#### Task prompt
Go to the line holding "Many hot air balloons fly in sky at dawn" in the data below. Return it and each line after it through the last, exactly, and skip the pictures.

#### Input data
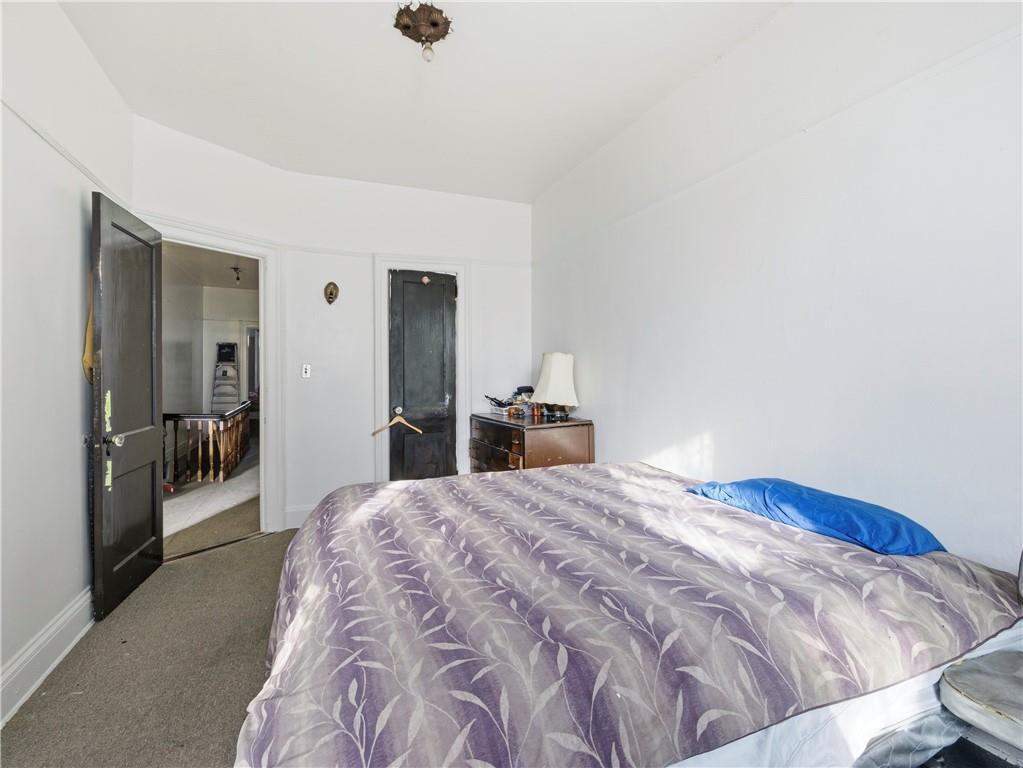 372 Parkside Avenue Brooklyn, NY 11226 - Photo 15 of 34 a bedroom with a bed and a view of bathroom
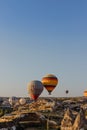 Many hot air balloons fly in sky at dawn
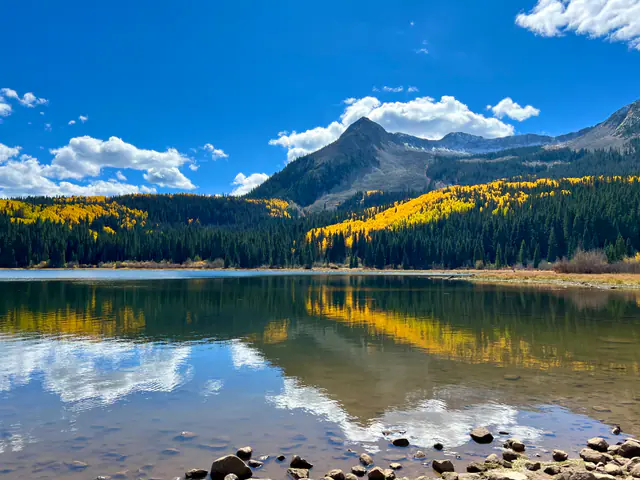A line of golden trees and a pointed peak reflect in a quiet lake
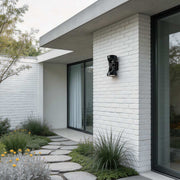 Adjustable outdoor wall light illuminating a modern house exterior with warm directional glow.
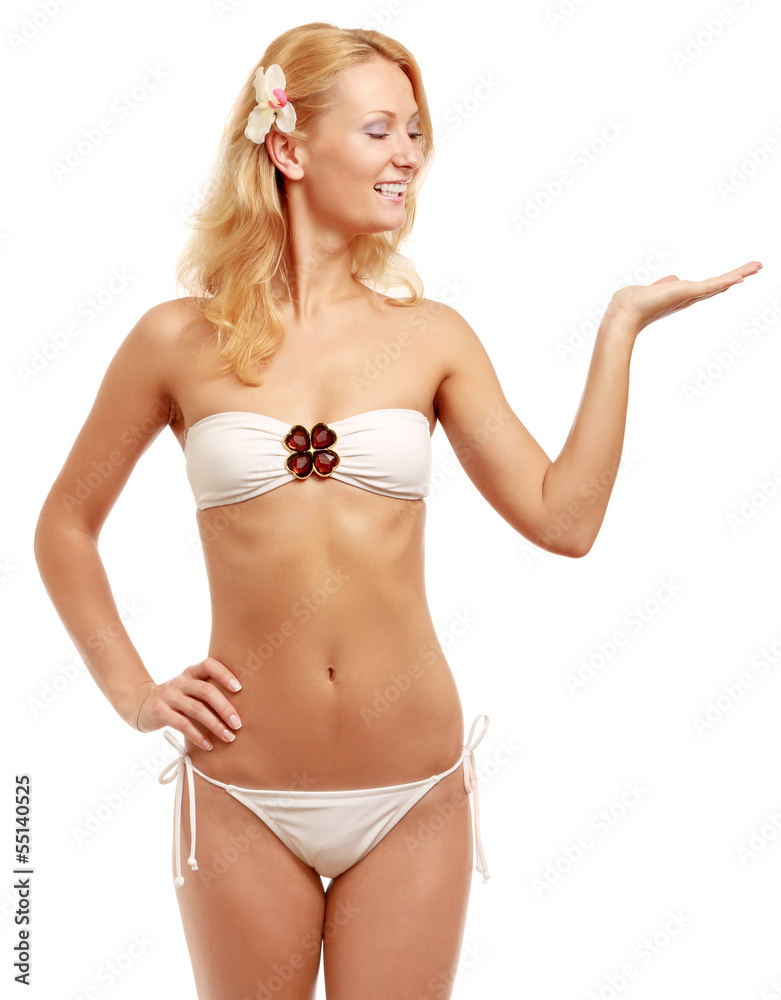 A young woman in a swimsuit showing something A young woman in a swimsuit showing something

#### Solution to the exercise
 Many hot air balloons fly in sky at dawn
A line of golden trees and a pointed peak reflect in a quiet lake
 Adjustable outdoor wall light illuminating a modern house exterior with warm directional glow.
 A young woman in a swimsuit showing something A young woman in a swimsuit showing something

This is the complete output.